[Data excerpts]
▬▬▬▬▬▬
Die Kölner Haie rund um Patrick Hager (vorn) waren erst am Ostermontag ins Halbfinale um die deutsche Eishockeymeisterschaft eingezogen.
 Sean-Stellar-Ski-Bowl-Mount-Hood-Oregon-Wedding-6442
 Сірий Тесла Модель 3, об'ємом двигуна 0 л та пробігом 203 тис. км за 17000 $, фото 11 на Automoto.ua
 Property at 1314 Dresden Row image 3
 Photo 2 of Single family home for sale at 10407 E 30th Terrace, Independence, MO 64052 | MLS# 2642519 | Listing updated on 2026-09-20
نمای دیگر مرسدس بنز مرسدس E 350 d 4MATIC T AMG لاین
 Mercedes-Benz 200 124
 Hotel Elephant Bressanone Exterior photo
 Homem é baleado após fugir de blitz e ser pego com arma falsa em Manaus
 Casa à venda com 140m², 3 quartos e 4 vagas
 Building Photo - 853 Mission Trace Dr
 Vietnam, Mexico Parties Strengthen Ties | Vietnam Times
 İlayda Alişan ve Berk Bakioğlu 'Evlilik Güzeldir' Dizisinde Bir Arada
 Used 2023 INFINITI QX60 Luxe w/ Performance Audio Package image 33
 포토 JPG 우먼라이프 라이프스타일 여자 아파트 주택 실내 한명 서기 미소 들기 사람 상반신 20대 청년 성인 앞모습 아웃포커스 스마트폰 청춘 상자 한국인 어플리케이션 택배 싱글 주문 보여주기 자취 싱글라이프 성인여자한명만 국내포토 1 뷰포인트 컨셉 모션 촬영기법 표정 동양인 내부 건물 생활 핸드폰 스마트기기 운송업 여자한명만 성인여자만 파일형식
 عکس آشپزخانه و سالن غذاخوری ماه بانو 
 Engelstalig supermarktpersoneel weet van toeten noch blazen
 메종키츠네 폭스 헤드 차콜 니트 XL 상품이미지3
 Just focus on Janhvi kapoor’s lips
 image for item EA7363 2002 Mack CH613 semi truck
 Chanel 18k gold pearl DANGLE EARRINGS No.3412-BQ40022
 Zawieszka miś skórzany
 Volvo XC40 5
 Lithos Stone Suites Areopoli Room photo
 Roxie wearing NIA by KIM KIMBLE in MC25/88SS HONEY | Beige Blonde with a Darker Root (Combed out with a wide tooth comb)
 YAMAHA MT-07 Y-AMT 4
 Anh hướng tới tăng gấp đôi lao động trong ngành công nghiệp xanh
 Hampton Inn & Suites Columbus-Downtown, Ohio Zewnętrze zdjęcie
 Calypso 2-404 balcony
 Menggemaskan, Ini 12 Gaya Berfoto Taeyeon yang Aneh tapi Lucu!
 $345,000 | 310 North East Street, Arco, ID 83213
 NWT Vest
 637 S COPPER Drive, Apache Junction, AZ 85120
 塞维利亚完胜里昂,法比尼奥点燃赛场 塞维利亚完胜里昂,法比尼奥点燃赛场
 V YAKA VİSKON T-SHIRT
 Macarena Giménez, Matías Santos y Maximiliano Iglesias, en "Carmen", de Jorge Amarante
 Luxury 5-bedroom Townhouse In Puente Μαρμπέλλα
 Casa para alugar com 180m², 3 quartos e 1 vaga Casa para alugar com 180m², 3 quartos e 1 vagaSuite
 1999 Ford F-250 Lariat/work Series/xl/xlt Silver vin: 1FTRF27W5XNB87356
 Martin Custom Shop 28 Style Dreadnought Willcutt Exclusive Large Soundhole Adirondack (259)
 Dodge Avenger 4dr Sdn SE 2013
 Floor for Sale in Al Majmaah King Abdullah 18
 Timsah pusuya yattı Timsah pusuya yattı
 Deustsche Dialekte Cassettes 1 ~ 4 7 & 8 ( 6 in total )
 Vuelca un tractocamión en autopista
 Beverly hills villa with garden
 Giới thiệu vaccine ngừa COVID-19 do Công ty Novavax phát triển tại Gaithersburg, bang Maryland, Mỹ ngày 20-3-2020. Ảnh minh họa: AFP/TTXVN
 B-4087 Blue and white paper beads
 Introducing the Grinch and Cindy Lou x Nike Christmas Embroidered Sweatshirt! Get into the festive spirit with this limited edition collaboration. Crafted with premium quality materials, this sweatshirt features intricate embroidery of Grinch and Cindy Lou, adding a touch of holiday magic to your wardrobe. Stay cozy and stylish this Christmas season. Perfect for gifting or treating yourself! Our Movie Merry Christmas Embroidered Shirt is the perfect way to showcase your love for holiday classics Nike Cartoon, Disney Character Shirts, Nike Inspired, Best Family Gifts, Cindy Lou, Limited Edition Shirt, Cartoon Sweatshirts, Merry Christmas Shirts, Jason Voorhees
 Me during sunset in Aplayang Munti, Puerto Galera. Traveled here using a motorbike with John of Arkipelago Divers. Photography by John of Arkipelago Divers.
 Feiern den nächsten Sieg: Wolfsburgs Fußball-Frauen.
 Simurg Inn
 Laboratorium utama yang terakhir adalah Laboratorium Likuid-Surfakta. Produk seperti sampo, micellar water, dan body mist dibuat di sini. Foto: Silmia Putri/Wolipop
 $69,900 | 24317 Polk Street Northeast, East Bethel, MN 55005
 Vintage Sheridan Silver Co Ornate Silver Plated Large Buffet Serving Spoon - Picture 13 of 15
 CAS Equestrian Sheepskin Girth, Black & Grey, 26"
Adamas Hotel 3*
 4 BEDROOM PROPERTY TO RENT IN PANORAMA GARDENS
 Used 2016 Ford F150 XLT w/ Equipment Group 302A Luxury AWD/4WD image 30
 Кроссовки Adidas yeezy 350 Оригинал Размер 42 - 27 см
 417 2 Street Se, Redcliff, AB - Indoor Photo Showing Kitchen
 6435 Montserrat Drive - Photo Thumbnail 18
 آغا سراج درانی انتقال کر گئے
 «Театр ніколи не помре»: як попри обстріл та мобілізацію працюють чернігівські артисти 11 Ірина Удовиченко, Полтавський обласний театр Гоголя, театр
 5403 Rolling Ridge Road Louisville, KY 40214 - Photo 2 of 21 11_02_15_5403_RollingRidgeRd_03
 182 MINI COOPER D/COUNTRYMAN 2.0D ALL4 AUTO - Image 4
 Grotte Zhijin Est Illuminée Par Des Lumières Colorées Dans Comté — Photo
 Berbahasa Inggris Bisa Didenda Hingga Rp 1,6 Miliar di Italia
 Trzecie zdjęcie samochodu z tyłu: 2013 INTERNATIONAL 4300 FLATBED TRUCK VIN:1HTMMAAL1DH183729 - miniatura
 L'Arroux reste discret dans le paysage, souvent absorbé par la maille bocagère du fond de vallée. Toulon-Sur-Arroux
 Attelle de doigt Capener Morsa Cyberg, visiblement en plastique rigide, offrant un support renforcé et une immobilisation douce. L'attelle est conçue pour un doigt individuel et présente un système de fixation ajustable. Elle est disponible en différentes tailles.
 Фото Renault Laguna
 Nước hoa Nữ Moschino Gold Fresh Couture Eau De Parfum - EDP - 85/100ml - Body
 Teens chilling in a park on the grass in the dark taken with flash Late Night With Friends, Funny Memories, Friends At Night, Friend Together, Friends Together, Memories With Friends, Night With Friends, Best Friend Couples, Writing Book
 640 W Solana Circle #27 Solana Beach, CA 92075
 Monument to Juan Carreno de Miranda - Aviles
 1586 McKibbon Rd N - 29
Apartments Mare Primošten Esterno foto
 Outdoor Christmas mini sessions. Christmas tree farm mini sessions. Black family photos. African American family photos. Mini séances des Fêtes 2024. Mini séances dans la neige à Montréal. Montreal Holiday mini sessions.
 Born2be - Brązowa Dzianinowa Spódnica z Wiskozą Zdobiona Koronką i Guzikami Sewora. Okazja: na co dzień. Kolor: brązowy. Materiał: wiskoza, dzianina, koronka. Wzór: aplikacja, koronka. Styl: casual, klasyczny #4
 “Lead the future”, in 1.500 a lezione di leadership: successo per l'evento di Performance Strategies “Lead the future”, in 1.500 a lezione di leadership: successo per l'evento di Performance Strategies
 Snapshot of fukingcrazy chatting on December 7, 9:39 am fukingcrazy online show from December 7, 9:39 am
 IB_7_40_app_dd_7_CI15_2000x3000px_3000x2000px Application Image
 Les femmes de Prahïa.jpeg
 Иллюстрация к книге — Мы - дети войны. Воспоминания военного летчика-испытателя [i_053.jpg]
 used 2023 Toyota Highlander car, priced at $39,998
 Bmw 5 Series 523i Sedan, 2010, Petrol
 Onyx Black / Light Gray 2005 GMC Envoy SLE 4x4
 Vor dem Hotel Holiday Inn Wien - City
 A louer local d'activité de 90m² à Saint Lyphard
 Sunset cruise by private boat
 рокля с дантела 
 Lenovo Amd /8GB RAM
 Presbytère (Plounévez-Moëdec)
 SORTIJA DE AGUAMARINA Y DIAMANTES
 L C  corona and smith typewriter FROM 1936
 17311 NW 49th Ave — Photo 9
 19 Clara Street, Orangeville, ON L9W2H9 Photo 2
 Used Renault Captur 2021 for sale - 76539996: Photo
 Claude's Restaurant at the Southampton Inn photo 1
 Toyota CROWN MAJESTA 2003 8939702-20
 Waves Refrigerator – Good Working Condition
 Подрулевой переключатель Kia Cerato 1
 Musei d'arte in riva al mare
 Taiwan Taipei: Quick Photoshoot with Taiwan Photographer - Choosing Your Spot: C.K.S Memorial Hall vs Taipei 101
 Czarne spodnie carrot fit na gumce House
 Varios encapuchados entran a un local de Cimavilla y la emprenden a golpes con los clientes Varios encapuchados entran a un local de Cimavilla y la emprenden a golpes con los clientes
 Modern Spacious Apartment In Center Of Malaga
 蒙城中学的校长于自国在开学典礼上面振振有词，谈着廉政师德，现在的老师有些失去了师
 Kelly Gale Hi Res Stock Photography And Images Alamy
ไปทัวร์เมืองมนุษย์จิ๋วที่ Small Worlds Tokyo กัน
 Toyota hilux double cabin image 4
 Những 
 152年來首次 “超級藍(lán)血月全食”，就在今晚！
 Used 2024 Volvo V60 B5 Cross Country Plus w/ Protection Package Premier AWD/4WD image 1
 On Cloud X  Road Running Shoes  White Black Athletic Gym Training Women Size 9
▬▬▬▬▬▬
▸ About this exercise
Print, from the entries above, the line with "17311 NW 49th Ave — Photo 9", the line with "蒙城中学的校长于自国在开学典" and all lines between them, exactly and with nothing else.

▸ Expected output
 17311 NW 49th Ave — Photo 9
 19 Clara Street, Orangeville, ON L9W2H9 Photo 2
 Used Renault Captur 2021 for sale - 76539996: Photo
 Claude's Restaurant at the Southampton Inn photo 1
 Toyota CROWN MAJESTA 2003 8939702-20
 Waves Refrigerator – Good Working Condition
 Подрулевой переключатель Kia Cerato 1
 Musei d'arte in riva al mare
 Taiwan Taipei: Quick Photoshoot with Taiwan Photographer - Choosing Your Spot: C.K.S Memorial Hall vs Taipei 101
 Czarne spodnie carrot fit na gumce House
 Varios encapuchados entran a un local de Cimavilla y la emprenden a golpes con los clientes Varios encapuchados entran a un local de Cimavilla y la emprenden a golpes con los clientes
 Modern Spacious Apartment In Center Of Malaga
 蒙城中学的校长于自国在开学典礼上面振振有词，谈着廉政师德，现在的老师有些失去了师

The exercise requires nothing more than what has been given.